Increased incidence of aflatoxin B1-induced liver tumors in hepatitis virus C transgenic mice

Viral hepatitis and aflatoxin B1 (AFB1) exposure are common risk factors for hepatocellular carcinoma (HCC). The incidence of HCC in individuals coexposed to hepatitis C (HCV) or B virus and AFB1 is greater than could be explained by the additive effect; yet, the mechanisms are poorly understood because of the lack of an animal model. Our study investigated the outcomes and mechanisms of combined exposure to HCV and AFB1. We hypothesized that HCV transgenic (HCV-Tg; expressing core, E1, E2 and p7, nucleotides 342-2771) mice will be prone to hepatocarcinogenesis when exposed to AFB1. Neonatal (7 days old) HCV-Tg or C57BL/6J wild-type (WT) mice were exposed to AFB1 (6 μg/g bw) or tricaprylin vehicle (15 μl/g bw), and male offspring were followed for up to 12 months. No liver lesions were observed in vehicle-treated WT or HCV-Tg mice. Tumors (adenomas or carcinomas) and preneoplastic lesions (hyperplasia or foci) were observed in 22.5% (9 of 40) of AFB1-treated WT mice. In AFB1-treated HCV-Tg mice, the incidence of tumorous or pretumorous lesions was significantly elevated (50%, 18 of 36), with the difference largely due to a 2.5-fold increase in the incidence of adenomas (30.5 vs. 12.5%).
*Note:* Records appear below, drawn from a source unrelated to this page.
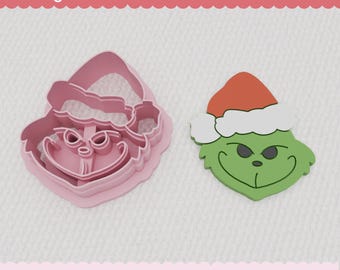 Méchant de Noël numérique avec emporte-pièce STL Bonnet de Noel pour pâte polymère - STL Christmas Terror Face - Article non physique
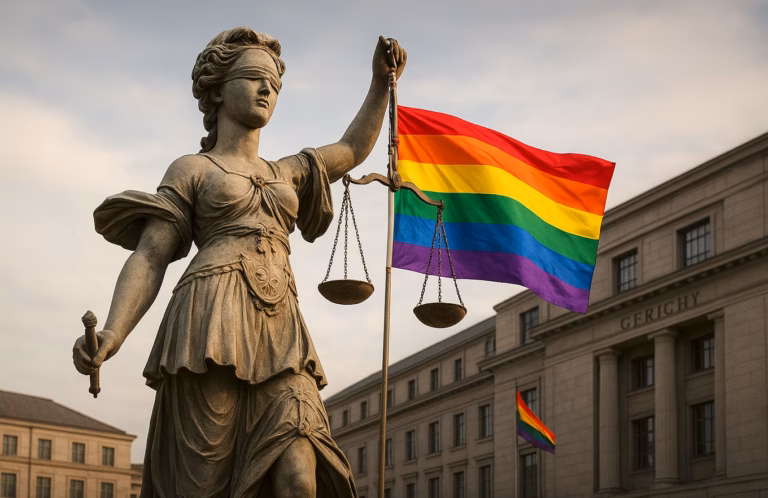 Die neue Göttin der Justiz: bunt statt blind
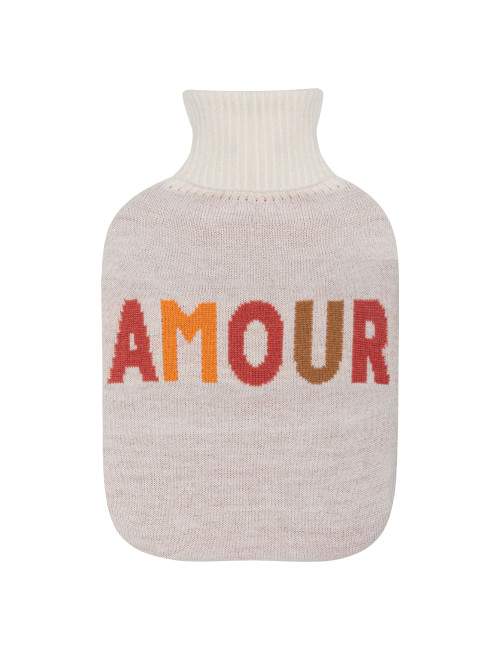 Knitted Amour hot water bottle 2L - PLIC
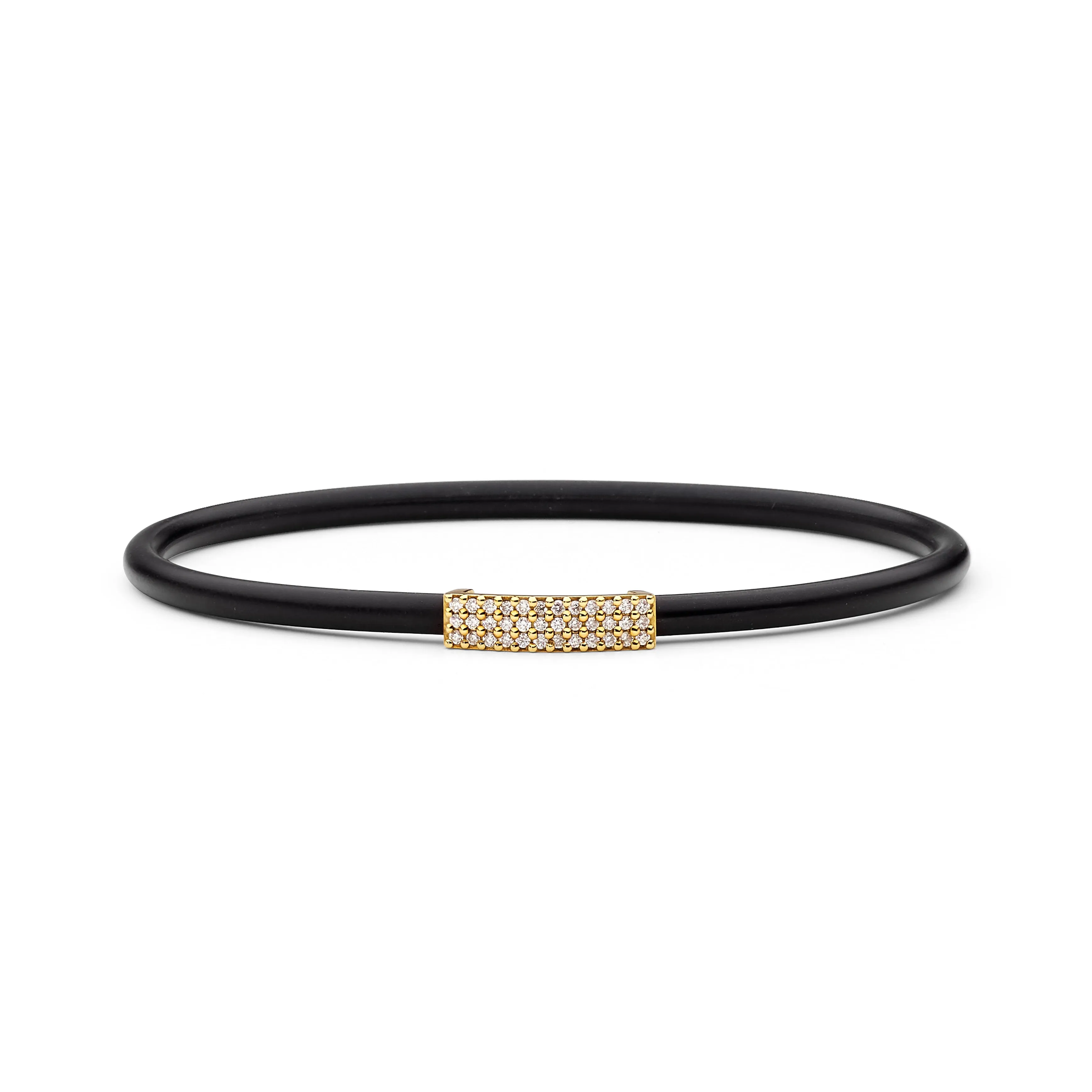 Pave Set Diamond Neoprene Bangle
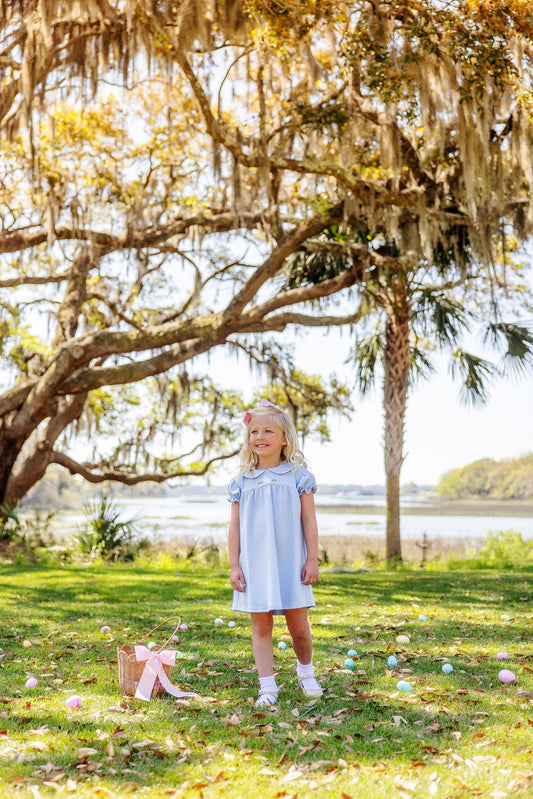 Beaufort Bonnet Holly Day Dress - Beale Street Blue & Bunny Applique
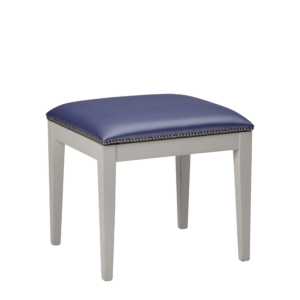 Divano Ottoman in White with Lavender Seat Pad
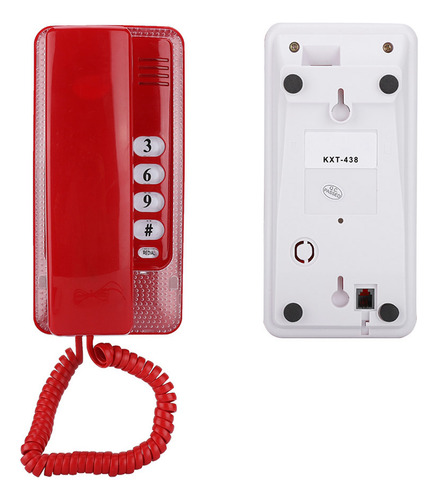 Extensión De Teléfono Fijo De Montaje En Pared Sin Identific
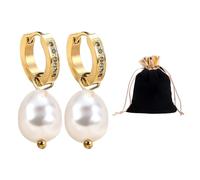 GTYHH 2 Paires De Boucles d'oreilles en Perles Et 1 Sac À Bijoux, Boucles d'oreilles pour Dames, Accessoires Vestimentaires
Although oxidative stress and steatohepatitis were observed in both AFB1-treated groups, molecular changes indicative of the enhanced inflammatory response and altered lipid metabolism were more pronounced in HCV-Tg mice. In summary, HCV proteins core, E1, E2 and p7 are sufficient to reproduce the cocarcinogenic effect of HCV and AFB1, which is a known clinical phenomenon.